DATA:
**********
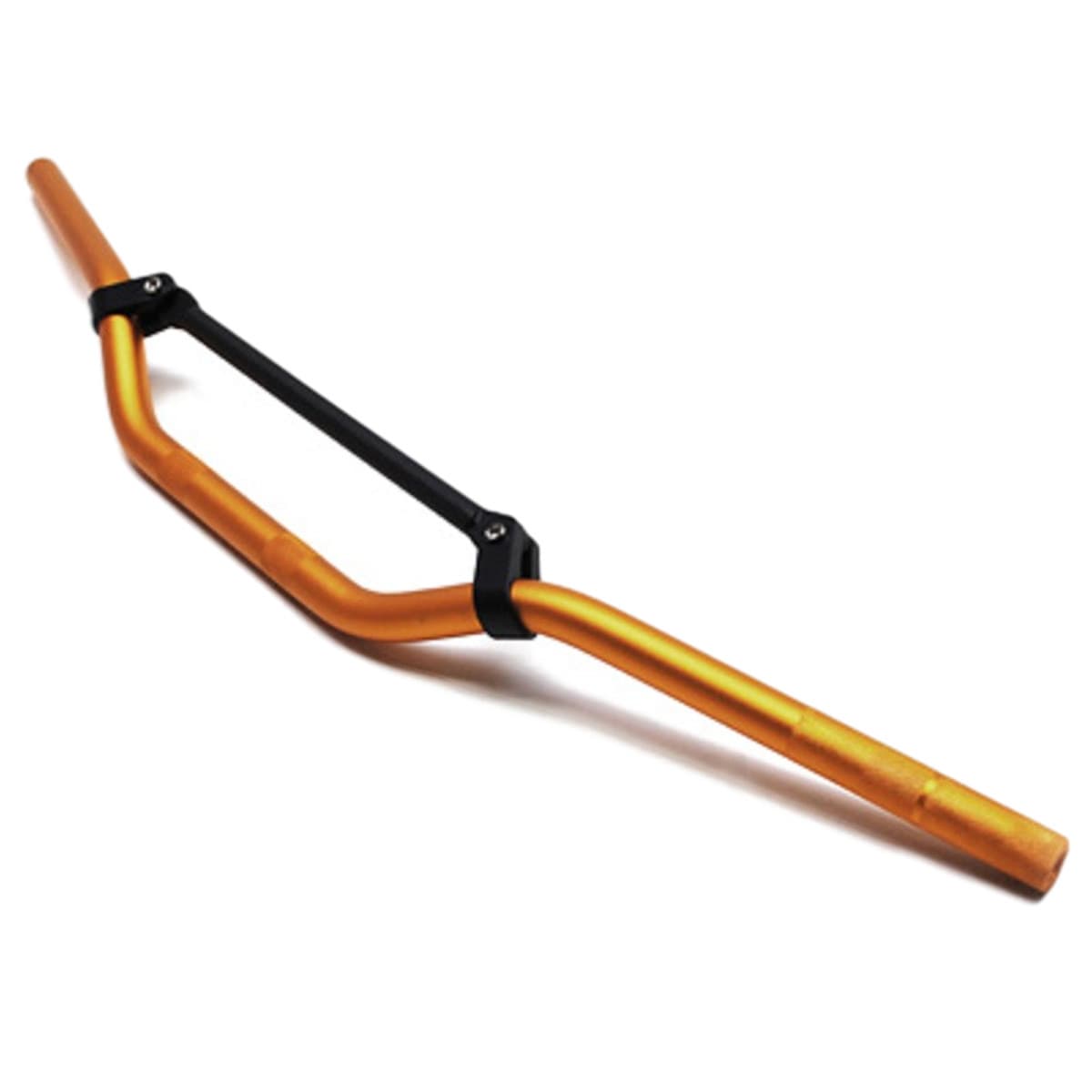 Adaptable - Guidon Cross 22mm - Alu Or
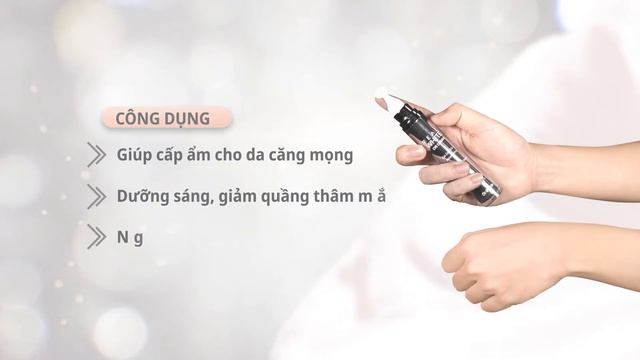 Kcity | Dr.Oracle - Real White | KEM DƯỠNG MẮT смотреть онлайн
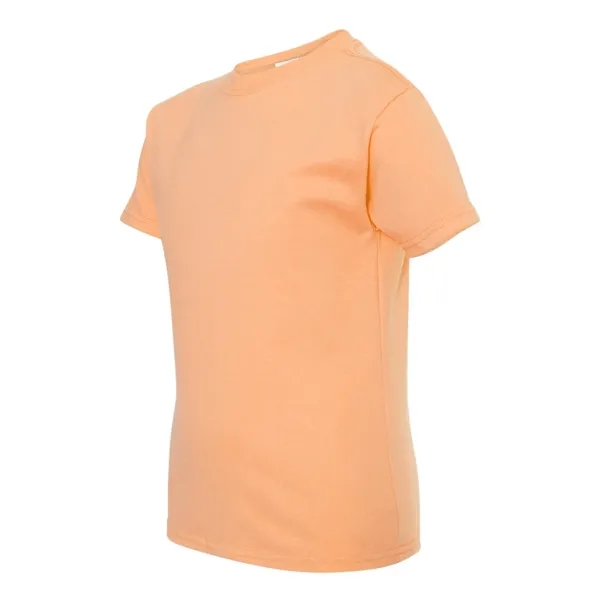 Hanes Youth Authentic T-Shirt - Hanes Youth Authentic T-Shirt - Image 11 of 80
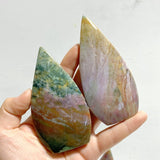 Ocean Jasper Arrow Head Shape Wholesale - Wholesale Crystals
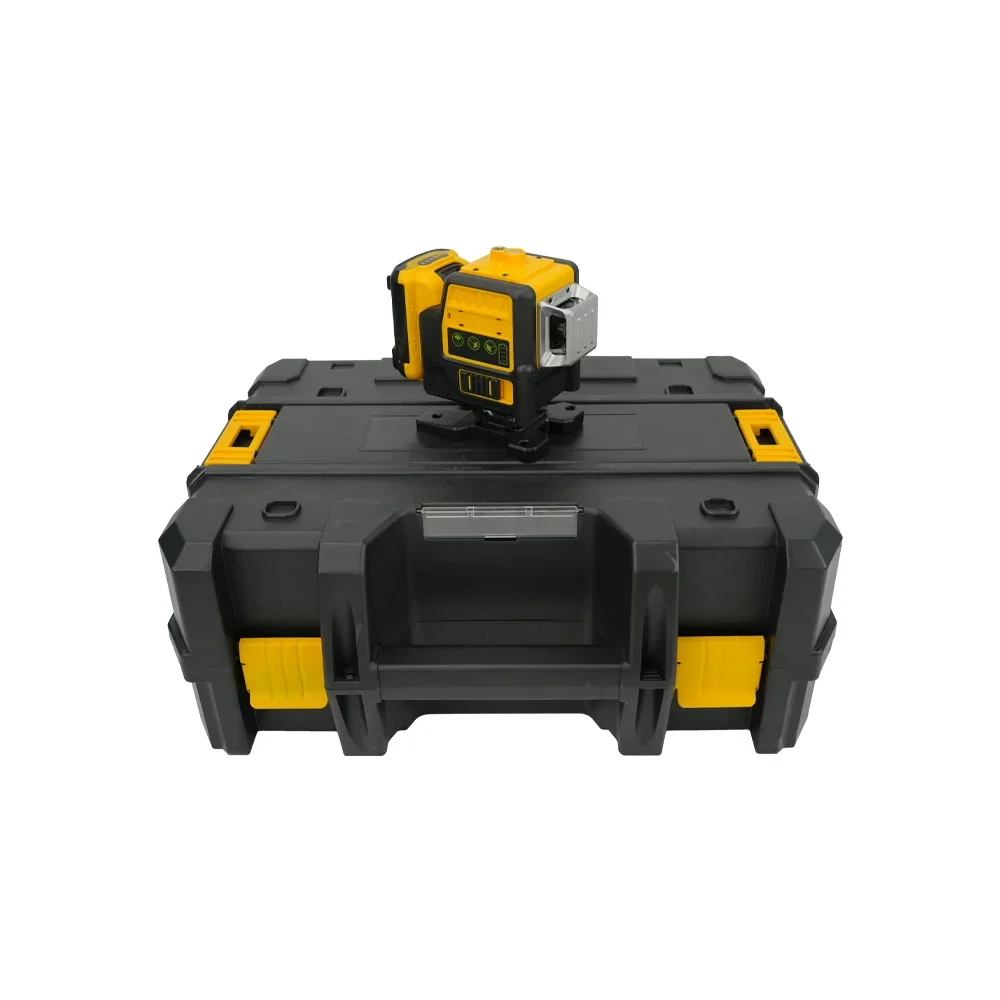 16/12 Line Laser Level Ultra Large Capacity Battery Industrial Grade  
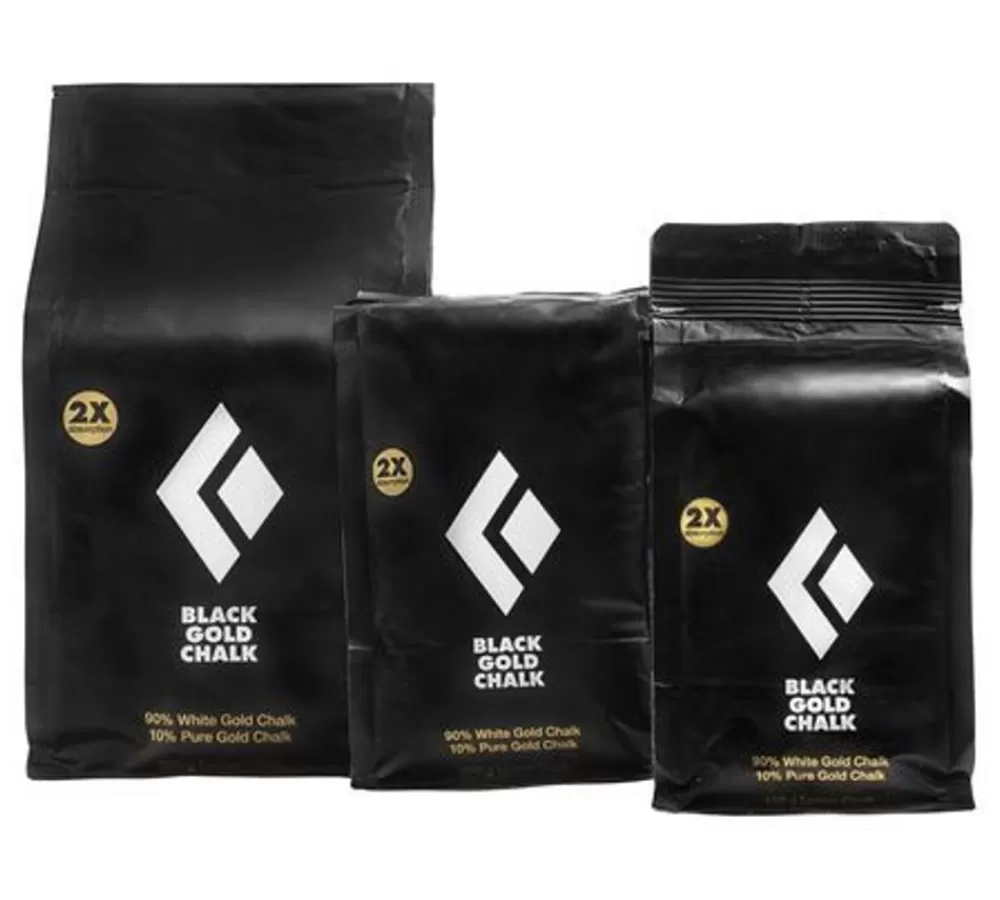Clearance Black Gold Chalk 100G Kiipeilytarvikkeet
**********
EXERCISE DIRECTIONS: Once the pictures are set aside, repeat the remaining data word for word.

ANSWER FOR THE TASK:
 Adaptable - Guidon Cross 22mm - Alu Or
 Kcity | Dr.Oracle - Real White | KEM DƯỠNG MẮT смотреть онлайн
 Hanes Youth Authentic T-Shirt - Hanes Youth Authentic T-Shirt - Image 11 of 80
 Ocean Jasper Arrow Head Shape Wholesale - Wholesale Crystals
 16/12 Line Laser Level Ultra Large Capacity Battery Industrial Grade  
Clearance Black Gold Chalk 100G Kiipeilytarvikkeet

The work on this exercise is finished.